- Build ships that can extract large volumes of nodules from the ocean floor.
- Indiginise or collaborate with global companies for extraction equipment.
- Develop in-house technology for extraction of metals from seabed nodules.
- Identify industries that can process these nodules and extract critical metals.
India joined the elite club of manned self-propelled comprising China, France, Japan, Russia, and the USA in October 2021 with the launch of Matsya 6000 to a depth of 500 meters. However, this is inadequate for seabed mining in sites allotted by the International Seabed Authority (ISA).
Most deposits of polymetallic nodules (PMN), polymetallic sulphides (PMS), and Cobalt-rich ferromanganese crusts (CFC) are found at depths between 4000 and 6000 meters in the Ocean. Under the Samudrayan mission, three personnel will be launched in a self-propelled human-occupied vessel (HOV) called the Matsya-6000 to six kilometres in 2026.
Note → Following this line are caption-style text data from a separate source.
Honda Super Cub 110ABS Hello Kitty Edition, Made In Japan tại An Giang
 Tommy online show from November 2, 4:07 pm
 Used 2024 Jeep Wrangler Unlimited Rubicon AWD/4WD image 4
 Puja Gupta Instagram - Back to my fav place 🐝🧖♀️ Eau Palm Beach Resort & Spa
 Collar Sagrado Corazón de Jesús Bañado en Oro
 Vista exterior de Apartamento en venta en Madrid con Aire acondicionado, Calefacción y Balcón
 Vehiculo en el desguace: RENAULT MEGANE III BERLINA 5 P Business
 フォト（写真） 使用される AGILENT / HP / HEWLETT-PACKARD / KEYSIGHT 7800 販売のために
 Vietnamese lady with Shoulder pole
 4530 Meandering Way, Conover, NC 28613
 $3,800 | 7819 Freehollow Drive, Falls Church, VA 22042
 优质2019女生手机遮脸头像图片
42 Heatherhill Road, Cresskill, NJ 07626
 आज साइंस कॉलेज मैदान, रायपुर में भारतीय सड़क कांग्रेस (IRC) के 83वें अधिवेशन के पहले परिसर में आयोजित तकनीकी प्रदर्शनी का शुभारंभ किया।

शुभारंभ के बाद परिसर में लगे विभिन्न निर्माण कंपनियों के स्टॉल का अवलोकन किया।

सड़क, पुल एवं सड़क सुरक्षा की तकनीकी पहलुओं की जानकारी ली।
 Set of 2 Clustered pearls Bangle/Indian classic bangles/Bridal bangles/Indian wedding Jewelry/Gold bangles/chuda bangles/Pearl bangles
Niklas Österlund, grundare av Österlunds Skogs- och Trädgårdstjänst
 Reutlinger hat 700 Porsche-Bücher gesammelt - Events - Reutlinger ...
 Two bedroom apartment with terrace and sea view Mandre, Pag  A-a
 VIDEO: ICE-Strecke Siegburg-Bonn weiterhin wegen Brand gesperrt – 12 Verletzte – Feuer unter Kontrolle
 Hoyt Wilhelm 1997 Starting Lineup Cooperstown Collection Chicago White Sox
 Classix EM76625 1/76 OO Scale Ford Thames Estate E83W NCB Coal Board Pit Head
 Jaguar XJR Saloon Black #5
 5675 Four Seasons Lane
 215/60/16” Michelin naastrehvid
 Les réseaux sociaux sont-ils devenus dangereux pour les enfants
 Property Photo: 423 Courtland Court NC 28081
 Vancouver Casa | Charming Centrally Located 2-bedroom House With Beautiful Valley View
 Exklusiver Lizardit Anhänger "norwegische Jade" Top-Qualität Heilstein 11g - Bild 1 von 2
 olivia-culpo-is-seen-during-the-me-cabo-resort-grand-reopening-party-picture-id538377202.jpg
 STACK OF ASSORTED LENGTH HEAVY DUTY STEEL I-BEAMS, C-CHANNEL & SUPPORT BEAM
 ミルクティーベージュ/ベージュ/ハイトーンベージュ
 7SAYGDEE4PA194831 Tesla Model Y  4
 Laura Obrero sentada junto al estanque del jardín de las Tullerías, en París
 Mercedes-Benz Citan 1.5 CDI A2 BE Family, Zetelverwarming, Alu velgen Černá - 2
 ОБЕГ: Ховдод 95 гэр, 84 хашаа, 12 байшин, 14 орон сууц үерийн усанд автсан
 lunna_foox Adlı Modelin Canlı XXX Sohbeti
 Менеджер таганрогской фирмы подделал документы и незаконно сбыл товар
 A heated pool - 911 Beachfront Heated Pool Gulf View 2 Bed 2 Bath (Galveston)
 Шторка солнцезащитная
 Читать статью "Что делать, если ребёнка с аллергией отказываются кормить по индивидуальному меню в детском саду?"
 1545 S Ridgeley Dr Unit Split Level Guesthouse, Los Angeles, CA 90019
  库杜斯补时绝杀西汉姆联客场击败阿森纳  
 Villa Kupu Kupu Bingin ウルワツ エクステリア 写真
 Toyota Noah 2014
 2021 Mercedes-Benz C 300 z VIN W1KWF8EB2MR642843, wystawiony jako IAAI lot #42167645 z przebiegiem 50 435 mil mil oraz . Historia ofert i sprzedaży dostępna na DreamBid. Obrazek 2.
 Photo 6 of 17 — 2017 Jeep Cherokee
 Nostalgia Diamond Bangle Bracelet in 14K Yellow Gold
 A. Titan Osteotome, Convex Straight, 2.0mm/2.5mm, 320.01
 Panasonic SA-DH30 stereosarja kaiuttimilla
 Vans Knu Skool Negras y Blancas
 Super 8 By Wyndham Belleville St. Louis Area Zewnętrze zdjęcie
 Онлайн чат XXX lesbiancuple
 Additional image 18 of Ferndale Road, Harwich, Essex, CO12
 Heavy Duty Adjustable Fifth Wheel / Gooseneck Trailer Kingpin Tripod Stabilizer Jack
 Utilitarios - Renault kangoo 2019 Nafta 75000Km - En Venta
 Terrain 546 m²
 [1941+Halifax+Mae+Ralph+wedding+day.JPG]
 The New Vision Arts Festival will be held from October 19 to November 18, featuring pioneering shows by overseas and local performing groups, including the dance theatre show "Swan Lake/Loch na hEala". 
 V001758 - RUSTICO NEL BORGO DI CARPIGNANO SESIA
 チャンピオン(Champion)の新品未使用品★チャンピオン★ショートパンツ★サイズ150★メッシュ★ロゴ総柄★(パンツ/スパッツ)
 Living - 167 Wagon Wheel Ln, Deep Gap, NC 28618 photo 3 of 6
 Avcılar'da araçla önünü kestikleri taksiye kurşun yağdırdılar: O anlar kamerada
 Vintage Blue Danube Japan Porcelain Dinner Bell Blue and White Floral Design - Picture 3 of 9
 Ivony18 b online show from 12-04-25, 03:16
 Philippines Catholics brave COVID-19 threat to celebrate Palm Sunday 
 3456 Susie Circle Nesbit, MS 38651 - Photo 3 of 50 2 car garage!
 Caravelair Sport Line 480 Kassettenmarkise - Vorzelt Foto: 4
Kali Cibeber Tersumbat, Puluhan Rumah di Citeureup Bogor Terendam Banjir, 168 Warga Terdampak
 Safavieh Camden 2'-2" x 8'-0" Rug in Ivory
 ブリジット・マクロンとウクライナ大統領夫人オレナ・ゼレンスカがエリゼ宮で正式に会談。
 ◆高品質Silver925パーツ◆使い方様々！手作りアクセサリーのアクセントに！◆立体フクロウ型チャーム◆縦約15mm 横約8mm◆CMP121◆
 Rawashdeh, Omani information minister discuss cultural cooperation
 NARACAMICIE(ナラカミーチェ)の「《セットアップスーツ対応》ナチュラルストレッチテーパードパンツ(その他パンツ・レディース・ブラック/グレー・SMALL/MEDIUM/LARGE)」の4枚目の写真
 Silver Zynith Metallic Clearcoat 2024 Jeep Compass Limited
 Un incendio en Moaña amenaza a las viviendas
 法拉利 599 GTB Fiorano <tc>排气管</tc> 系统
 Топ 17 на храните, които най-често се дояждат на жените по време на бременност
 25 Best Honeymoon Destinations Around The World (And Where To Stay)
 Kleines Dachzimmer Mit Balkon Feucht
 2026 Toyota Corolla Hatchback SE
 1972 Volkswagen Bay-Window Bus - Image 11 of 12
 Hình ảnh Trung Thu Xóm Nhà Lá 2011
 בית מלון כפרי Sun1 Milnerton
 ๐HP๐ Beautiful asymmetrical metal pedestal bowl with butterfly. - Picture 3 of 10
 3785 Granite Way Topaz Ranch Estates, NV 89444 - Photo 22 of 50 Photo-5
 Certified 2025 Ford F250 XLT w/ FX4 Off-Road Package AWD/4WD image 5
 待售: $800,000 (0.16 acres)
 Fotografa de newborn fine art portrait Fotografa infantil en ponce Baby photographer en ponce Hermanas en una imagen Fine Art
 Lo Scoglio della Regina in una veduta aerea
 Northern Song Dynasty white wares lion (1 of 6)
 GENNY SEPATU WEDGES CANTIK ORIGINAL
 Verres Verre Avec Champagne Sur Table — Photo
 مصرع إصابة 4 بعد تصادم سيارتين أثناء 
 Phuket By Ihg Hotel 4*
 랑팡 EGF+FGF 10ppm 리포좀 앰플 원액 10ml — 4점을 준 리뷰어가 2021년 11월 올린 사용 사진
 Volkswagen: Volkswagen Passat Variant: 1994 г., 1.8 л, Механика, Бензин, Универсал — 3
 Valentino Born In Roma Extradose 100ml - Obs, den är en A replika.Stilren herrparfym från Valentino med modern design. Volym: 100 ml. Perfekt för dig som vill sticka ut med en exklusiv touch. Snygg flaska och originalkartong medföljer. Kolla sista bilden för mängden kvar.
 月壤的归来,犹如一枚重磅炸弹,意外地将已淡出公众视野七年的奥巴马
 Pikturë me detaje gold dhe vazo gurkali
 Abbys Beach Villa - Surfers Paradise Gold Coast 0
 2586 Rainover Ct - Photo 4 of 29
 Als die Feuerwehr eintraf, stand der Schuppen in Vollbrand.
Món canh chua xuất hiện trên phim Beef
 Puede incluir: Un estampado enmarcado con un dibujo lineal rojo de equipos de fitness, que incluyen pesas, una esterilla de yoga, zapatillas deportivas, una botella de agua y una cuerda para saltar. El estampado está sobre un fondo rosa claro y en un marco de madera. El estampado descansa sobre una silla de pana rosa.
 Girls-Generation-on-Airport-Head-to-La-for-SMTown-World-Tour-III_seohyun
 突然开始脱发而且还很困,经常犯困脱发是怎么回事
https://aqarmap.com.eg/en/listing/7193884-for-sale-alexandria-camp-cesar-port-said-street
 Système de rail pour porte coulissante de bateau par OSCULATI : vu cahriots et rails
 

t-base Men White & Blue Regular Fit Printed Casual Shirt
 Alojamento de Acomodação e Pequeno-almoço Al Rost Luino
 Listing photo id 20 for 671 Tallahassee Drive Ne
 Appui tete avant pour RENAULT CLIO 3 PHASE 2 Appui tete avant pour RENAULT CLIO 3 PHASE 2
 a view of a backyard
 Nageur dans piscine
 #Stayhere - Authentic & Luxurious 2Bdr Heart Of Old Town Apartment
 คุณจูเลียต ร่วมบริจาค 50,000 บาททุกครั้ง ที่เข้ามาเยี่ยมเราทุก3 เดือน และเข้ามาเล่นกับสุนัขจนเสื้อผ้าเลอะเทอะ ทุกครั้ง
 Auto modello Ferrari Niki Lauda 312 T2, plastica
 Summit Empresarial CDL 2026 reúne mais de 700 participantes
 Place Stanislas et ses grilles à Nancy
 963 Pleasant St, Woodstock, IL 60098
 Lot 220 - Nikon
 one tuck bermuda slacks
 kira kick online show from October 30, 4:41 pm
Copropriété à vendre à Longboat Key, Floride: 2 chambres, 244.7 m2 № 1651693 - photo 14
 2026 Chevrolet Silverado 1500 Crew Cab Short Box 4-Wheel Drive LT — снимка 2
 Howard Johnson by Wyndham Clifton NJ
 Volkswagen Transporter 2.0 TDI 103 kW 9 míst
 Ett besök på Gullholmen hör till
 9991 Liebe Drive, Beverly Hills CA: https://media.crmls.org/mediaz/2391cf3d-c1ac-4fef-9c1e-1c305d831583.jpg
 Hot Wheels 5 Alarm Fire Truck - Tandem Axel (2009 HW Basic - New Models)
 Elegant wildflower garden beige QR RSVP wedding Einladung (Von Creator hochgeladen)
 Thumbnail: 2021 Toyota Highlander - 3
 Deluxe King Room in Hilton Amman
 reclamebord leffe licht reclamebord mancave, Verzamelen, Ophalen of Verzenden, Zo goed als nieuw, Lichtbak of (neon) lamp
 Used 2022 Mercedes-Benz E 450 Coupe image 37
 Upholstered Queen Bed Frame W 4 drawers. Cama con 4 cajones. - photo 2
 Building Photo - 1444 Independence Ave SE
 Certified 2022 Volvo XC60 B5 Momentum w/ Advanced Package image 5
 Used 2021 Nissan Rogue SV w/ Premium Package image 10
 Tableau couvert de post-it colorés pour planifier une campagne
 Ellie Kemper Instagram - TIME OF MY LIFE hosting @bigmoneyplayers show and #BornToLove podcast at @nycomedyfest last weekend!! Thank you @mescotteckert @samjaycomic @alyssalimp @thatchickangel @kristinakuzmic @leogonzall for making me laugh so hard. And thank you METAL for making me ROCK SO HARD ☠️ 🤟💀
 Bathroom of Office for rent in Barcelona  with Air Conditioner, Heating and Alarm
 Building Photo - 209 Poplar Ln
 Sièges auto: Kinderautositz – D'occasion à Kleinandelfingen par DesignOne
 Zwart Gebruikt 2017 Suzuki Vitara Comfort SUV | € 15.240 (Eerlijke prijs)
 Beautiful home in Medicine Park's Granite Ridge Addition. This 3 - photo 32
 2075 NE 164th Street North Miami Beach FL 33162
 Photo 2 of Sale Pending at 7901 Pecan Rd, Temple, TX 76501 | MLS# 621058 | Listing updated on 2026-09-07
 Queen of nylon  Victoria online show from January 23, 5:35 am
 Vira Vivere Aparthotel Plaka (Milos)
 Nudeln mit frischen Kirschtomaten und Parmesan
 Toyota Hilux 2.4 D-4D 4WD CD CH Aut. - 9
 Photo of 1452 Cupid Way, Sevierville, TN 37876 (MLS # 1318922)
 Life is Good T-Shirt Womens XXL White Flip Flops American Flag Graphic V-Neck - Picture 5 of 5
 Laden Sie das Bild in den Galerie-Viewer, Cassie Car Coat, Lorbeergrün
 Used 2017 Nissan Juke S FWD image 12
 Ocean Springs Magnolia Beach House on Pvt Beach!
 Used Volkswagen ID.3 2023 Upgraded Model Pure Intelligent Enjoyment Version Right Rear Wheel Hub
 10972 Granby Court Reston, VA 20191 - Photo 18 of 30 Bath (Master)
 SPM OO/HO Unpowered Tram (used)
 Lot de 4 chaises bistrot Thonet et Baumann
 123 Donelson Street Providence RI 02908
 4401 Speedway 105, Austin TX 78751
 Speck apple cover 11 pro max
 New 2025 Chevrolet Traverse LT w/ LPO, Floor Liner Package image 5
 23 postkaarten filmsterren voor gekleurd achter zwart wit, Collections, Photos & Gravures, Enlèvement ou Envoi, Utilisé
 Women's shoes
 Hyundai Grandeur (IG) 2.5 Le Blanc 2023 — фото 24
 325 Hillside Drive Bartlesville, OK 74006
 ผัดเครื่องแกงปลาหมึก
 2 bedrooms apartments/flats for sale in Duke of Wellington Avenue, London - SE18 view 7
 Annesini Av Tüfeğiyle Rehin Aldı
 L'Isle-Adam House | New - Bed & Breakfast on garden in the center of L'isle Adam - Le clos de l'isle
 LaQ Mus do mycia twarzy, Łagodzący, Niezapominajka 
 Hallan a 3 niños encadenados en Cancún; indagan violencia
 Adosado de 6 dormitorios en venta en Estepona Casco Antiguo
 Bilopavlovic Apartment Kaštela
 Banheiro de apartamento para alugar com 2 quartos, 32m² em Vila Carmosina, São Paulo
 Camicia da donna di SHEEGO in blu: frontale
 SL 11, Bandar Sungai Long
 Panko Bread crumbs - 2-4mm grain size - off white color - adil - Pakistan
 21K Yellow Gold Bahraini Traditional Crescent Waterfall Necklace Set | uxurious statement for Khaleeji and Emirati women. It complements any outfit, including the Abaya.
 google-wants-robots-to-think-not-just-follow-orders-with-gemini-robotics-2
The PMNs, PMSs, CFCs nodules, and crusts strewn on the seabed have far higher concentrations of critical earth minerals than those found in continental ores. Commercialising deep seabed extractions can significantly boost India’s pursuit of blue economy and clean energy and hold promise for offsetting imports. Ministry of Mines has identified 30 minerals that are critical to our country.
Ironically, the OceanGate tragedy in June this year has brought the spotlight back on undersea exploration. It also raises questions about the need to undertake risky manned missions when remotely operated vehicles (ROVs) can perform all the functions.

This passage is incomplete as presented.